Bioinformatics Algorithms (CSCI6802/CSCI4181)

This course focuses on teaching the underlying algorithms behind commonly used computational and statistical approaches for analysing biological data. The majority of material focuses on biological sequence data and includes modules on homology (comparing sequences), assembly (recovering genomes from sequencing data), phylogenetics (inferring evolutionary relationships), and machine learning (applying ML to biological data). Students get hands-on experience via 4 practical assignments and given experience reading and critiquing active research literature via a capstone assignment.

This course was originally created by Robert Beiko It is a graduate course for CS or life sciences (or similar) students that is open to advanced undergraduates as a final year elective.

Professional Competencies 1 (MED1)

This is a core course offered throughout the 1st year of medical school at Dalhousie. Professional competencies includes a weekly two-hour tutorial followed by a one-hour large group session. This unit provides medical students with the opportunity to integrate their biomedical and clinical learning within the context of patient care from a professional, community and life-long learner perspective.

Content includes public health and infectious disease management in the community, end-of-life decision-making and other ethical challenges, patient safety and other system and quality improvement approaches, social accountability and global health, physician wellness and career paths, and the Health Mentors Program.

Key concepts come from population health, epidemiology, ethics, law, informatics, health policy and the humanities. The unit is highly applied and case-based, and closely integrated with the other Med 1 units through shared cases and topics.

Probability and Statistics for CS (CSCI2360)

Originally developed by Thomas Trappenberg and is an undergraduate course offered within the Faculty of Computer Science.

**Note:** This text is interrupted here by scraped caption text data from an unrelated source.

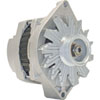 REMAN ALTERNATOR DELCO CS - image 1
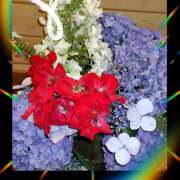 ヒメ日記 2025/06/22 23:52 投稿 山科るみ 五十路マダム愛されたい熟女たち 福山店(カサブランカグループ)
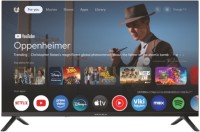 Фото - Телевизор Grunhelm 40F550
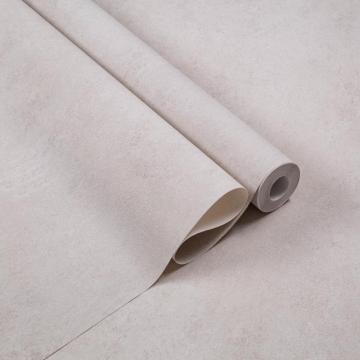 Обои 72605-22НС Рич Поталь производства Палитра - фото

This course is an introduction to probability theory and statistics with applications to computer science, in particular to data science and experimental CS. Students will be introduced to the idea of random numbers and the formal language of reasoning with uncertainty as well as with the basic tools and an outlook of advanced tool for experimental investigations in computer science such as HCI. What is a random number, probability mass and density functions, data analytics, probabilistic reasoning, basic hypothesis testing, sample size estimation, and inter-rater reliability. Applications and relevance of these concepts in computer science will be emphasized.

Genomic Medicine (6XXX/4XXX)

This course is still under developement but will be a broad introduction to the ways in which genomic data is used in medicine. This encompasses infectious disease genomic epidemiology and topics in human genomics (such as genome-wide assocation studies).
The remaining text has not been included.